The Same-Origin Policy and its minor browser-specific variations are detailed elsewhere, so I’ll just summarize it with a few key points. I use the term window to mean window object, which can be a top-level page or reside inside a frame or iframe.

  • XHRs can only be issued to the same domain as the originating window (not the originating script).
  • Two windows can read, write, and call each other’s properties if and only if they are from the same domain (host, port, and scheme).
  • There is one notable exception to the previous statement that is consistent across browsers: A window can change (but not necessarily read) the location of its own iframes and of the top window, regardless of their domains.

Recall that native browser primitives for sending or receiving information across domains include frames, iframes, images, scripts, stylesheets, and forms.

With these constraints and possibilities in mind, let’s first consider how best to support GET requests to the REST API.

Transport for GET Requests

XHRs would be the ideal way to retrieve data, since they provide meta information about each response, such as the the HTTP status code, in addition to the content. As noted above, however, other sites cannot use XHRs to directly to access your REST API.

One possible workaround is for each site that uses the JS client to install a server-side proxy on its domain that proxies REST API calls to your servers. That’s a pretty big barrier to the adoption of your JS client, though. We can do better.

Another possibility is having the JS client delegate the XHRs to a helper iframe that it creates specifically for that purpose. The iframe’s page must, of course, reside on the same domain as the REST API. Then there are also the problems of 1) passing the request URI from the parent window to the helper iframe and 2) passing the response status and content from the helper iframe back to the parent window. These problems are manageable, but not worth solving for GET requests, it turns out. We’ll return to them later.

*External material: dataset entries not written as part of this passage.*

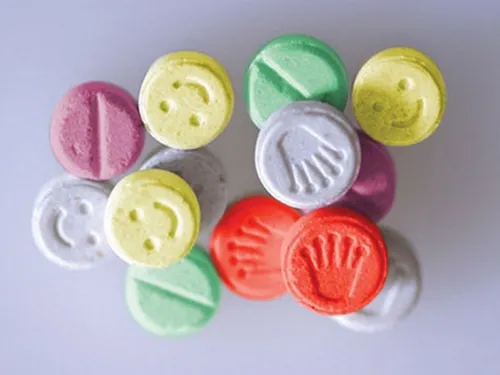 Chamant : 9,3 kilos d'ecstasy saisis par les douaniers sur l'A1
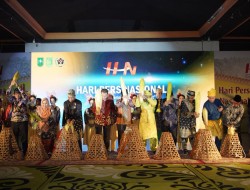 PWI se Riau Deklarasikan Anti Hoaks Songsong Pemilu 2024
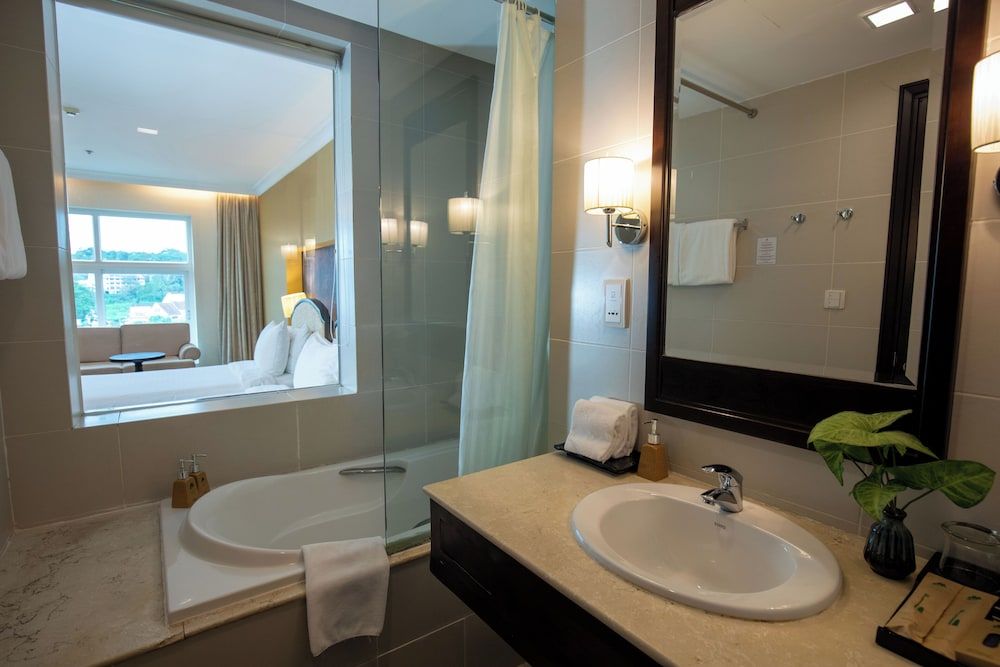 La Sapinette Hotel Dalat Superior Room 6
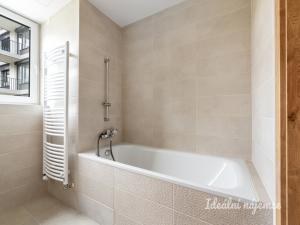 Pronájem bytu 1+kk, Praha - Vysočany, Kolbenova, 33 m2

Textual data can also be loaded across domains within scripts and stylesheets, both of which are lighter-weight than iframes and free of same-origin restrictions. To use one of these techniques, you must 1) either embed the data in a comment or encode it as part of either a valid script or stylesheet, and 2) determine when the data has finished loading.

A popular solution that addresses these two issues nicely, sometimes called script transport or JSONP, is formatting the data in JavaScript Object Notation (JSON) and wrapping it in a JS function call. This is the route I chose for kaChing’s JS client. A JSONP request typically includes the callback name as an HTTP request parameter. You’ll want to host a simple proxy on your domain that handles these requests by taking off the callback name parameter, relaying the request to your REST API servers, then formatting the response as the appropriate JS function call. Your JS client should generate a unique callback name for each request to avoid mix-ups in the event that multiple requests overlap in time. Also make sure that your proxy can relay both success and error responses from the REST API to your JS client.

Another nice property of the JSONP approach is that anyone can write a JS client and run a JSONP proxy server for any REST API, then share their JS client with anyone who trusts them.

Two weaknesses of the JSONP approach to be aware of: 1) it adds another failure point (the proxy server), and 2) detecting loading errors is harder with scripts than with XHRs.

Transport for Non-GET Requests

For HTTP methods other than GET (e.g. HEAD, POST, PUT, DELETE), script transport would require disguising the request as a GET, which has different semantics. Then there’s also the fact that a large request might not fit into a single URL. There must be a better alternative.

HTML forms can do POSTs, but that still leaves out the other HTTP methods.

What about the approach we proposed earlier—delegating XHRs to helper iframes? The JS client can construct a hidden iframe each time it needs to make a non-GET request. Iframe construction is quite fast (7-25 ms for most browsers on today’s machines) if the iframe page is small and cached. The request specification (i.e. verb, URL, and possibly parameters and content) can be passed to the helper iframe in its URL fragment.[1] The helper iframe page deserializes the request specification from its URL fragment immediately upon loading and issues the request. Simple enough. Now to relay the server’s response to the parent window. The simplest and most efficient way is HTML 5’s window.postMessage. The latest versions of some browsers support it already, but most people’s browsers don’t yet. (IE 6 & 7 don’t, but IE 8 will.) Unfortunately, the best two alternatives[2] to window.postMessage both require additional cooperation from sites using the JS client.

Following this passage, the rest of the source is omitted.